Rebecca Jarrett

Rebecca Jarrett (1846-1928) was a former British prostitute and procuress who, with reformer and newspaper editor William Thomas Stead, fought against child prostitution and white slavery during the late 19th century.

Involved in prostitution during much of her early life, she was eventually found by a Salvation Army officer in Northampton in "a distressing condition" and was eventually transferred to a Rescue Home in London, where she resided in a small house in Whitechapel in November 1885. It was while she stayed there that she told the head mistress Mrs. Bramwell Booth of the conditions she experienced regarding the prostitution of girls as young as thirteen in the brothels and streets of London.

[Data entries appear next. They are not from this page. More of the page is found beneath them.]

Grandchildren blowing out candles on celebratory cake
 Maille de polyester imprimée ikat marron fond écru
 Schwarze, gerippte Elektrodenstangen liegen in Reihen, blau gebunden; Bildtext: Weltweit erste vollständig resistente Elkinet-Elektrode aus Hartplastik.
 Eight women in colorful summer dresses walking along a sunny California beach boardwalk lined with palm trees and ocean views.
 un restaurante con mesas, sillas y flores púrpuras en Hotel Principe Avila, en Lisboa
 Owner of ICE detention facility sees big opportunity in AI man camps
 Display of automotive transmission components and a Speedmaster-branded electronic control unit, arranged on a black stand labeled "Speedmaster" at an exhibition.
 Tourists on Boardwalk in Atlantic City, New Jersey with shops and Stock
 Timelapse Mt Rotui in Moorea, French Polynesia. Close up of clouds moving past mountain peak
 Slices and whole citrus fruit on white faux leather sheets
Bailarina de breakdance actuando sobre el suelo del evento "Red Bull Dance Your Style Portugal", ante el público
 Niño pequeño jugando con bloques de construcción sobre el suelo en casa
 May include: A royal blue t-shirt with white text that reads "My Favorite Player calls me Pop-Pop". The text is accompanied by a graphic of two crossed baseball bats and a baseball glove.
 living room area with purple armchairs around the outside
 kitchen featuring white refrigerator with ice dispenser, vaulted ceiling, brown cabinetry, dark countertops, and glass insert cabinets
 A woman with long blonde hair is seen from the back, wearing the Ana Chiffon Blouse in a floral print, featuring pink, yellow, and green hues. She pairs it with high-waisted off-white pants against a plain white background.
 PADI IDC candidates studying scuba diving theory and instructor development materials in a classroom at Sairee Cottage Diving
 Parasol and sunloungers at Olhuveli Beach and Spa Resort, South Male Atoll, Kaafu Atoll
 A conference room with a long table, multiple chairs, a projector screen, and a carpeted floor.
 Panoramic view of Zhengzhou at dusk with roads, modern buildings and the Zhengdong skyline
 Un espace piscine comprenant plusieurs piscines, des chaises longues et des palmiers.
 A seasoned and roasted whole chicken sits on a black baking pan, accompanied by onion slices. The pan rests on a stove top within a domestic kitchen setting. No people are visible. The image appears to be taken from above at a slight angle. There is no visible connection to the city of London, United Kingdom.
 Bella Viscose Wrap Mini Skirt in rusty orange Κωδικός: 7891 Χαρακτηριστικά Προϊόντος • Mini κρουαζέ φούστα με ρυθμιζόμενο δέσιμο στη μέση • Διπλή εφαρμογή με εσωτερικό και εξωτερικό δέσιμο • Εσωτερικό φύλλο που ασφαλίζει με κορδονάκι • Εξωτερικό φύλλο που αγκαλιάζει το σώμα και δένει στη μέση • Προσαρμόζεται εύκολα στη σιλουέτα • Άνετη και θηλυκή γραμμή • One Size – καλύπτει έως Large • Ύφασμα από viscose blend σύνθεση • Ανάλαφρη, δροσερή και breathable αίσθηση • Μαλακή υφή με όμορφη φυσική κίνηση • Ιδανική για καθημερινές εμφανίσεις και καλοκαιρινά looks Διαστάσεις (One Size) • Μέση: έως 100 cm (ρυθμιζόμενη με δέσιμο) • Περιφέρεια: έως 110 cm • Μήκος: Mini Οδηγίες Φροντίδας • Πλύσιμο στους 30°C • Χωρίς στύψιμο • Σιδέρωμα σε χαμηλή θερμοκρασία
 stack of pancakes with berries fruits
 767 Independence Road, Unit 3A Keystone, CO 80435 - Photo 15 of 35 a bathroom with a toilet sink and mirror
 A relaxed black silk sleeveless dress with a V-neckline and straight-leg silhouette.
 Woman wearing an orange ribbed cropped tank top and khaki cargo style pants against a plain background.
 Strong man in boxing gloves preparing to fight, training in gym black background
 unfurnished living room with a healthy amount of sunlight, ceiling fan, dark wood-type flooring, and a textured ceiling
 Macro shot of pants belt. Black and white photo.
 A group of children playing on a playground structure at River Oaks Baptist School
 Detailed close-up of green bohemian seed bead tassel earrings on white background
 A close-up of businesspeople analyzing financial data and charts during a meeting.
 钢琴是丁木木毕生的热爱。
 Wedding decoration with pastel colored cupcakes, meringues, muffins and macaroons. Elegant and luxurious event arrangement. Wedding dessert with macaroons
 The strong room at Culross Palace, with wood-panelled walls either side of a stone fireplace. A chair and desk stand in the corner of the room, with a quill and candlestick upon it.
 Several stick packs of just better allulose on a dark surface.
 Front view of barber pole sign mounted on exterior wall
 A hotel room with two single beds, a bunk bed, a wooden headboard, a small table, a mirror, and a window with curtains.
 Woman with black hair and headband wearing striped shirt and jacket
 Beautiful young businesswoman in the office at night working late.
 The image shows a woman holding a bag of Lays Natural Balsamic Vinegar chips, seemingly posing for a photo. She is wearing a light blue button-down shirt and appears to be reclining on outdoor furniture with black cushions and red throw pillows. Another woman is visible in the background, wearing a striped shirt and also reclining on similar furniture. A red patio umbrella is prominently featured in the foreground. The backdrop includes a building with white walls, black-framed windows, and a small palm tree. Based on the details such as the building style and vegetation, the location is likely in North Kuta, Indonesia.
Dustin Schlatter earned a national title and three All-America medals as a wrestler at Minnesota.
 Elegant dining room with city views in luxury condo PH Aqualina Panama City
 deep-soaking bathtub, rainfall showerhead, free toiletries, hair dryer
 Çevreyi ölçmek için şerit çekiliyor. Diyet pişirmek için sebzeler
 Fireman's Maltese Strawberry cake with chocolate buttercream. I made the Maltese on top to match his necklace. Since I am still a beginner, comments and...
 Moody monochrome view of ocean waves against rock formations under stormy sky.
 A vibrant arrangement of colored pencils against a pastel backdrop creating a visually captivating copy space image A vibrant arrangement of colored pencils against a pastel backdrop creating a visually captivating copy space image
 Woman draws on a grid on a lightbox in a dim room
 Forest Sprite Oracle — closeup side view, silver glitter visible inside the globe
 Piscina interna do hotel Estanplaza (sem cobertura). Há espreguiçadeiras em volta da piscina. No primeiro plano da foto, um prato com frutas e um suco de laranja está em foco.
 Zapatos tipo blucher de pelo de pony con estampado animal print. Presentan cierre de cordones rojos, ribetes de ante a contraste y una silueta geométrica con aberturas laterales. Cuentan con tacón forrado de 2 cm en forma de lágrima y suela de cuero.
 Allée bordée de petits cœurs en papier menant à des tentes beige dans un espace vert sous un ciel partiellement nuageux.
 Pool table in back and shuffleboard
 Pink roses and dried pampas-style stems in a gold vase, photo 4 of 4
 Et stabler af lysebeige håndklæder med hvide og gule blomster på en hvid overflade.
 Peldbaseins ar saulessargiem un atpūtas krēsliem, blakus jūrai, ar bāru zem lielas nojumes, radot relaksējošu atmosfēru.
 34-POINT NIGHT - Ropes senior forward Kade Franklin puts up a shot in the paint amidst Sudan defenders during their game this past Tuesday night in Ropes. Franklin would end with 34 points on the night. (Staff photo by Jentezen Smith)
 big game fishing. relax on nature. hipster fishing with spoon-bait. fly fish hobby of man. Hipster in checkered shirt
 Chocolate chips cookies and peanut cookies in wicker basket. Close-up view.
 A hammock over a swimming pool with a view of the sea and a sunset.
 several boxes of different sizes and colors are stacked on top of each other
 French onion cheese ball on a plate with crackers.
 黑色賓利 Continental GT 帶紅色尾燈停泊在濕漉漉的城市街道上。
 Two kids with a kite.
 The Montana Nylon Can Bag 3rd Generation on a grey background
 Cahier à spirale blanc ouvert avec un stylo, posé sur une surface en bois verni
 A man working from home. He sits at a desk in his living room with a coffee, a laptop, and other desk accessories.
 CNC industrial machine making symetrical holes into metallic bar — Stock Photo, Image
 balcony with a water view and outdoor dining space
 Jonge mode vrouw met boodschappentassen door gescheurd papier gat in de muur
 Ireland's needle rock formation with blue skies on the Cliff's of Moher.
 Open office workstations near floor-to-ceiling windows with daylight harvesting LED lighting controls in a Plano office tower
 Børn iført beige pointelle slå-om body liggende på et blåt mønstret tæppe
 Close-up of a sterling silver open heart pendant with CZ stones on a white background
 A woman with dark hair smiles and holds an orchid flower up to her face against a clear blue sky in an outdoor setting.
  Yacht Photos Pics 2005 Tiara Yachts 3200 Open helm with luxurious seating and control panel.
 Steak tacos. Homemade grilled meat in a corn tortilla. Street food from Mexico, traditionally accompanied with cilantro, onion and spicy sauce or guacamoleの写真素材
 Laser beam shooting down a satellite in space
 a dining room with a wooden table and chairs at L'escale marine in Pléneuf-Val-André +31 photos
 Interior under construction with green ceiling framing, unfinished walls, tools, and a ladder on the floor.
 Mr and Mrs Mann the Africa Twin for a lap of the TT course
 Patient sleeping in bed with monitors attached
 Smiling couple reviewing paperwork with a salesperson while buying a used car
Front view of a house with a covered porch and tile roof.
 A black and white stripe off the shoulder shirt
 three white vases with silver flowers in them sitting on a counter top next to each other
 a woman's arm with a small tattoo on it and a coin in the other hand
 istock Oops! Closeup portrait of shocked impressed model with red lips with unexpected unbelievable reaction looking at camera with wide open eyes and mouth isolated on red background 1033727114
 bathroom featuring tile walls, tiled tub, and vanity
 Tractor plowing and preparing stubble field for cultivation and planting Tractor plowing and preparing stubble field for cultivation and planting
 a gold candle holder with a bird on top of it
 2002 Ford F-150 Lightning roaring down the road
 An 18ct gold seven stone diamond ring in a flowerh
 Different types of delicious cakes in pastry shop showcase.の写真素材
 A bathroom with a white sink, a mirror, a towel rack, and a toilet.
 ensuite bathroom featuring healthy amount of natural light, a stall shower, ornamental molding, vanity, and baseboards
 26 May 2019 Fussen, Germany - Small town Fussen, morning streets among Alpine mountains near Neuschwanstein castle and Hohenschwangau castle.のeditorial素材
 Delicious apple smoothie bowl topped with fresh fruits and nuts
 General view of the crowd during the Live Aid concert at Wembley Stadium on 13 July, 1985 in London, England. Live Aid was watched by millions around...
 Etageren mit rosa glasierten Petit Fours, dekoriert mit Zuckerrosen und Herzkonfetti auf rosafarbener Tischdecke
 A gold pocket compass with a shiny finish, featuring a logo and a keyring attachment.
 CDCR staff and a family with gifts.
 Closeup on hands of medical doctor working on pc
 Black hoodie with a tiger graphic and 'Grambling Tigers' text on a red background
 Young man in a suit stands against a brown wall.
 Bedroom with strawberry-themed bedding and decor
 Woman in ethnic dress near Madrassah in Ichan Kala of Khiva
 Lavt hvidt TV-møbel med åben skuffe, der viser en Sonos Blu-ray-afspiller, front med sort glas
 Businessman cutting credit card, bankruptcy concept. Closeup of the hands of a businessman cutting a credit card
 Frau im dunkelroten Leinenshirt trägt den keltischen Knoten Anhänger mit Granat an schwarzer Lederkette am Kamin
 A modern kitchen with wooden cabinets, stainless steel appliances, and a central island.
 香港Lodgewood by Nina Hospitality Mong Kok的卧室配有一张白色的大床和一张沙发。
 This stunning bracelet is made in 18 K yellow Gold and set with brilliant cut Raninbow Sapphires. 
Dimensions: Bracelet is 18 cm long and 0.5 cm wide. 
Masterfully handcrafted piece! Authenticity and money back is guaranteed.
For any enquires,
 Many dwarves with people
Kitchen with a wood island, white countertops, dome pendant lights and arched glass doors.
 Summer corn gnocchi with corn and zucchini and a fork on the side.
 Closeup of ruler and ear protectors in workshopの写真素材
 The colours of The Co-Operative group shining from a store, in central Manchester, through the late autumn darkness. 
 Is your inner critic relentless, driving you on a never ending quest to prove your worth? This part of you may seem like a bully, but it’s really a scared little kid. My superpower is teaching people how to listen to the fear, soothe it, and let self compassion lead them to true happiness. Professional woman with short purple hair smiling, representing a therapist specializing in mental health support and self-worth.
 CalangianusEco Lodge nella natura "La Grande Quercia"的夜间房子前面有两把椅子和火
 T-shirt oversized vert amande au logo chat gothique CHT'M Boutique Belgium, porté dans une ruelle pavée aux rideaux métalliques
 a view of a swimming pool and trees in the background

Later that year, she helped Stead in obtaining a 13-year old Eliza Armstrong from her mother, making sure the mother was well aware of their purposes, and had her taken to a local midwife before being sent to a London brothel.

Posing as a rich businessman, he visited the brothel and had the girl drugged before she was brought to him (whereby he had the girl taken to a Salvation Army home in France). Following a series of articles published by Stead in the Pall Mall Gazette, titled The Maiden Tribute of Modern Babylon, which received an immediate public outcry resulting in the beginnings of the moral reform movement as rallies were held across the country and a petition sent to the House of Commons. However, despite public support behind them, both she and Stead were arrested on charges of abduction and indecent assault (possibly arrainged by Cavendish Bentinck) with Jarrett imprisoned for six months until the Criminal Law Amendment Act 1885 was passed.

After her release, she stayed at a rescue home under a Mrs. Josephine Butler and helped with many other girls and young women who later resided there for a time before returning to Mrs. Booth's home where she resided until her death in early-1928.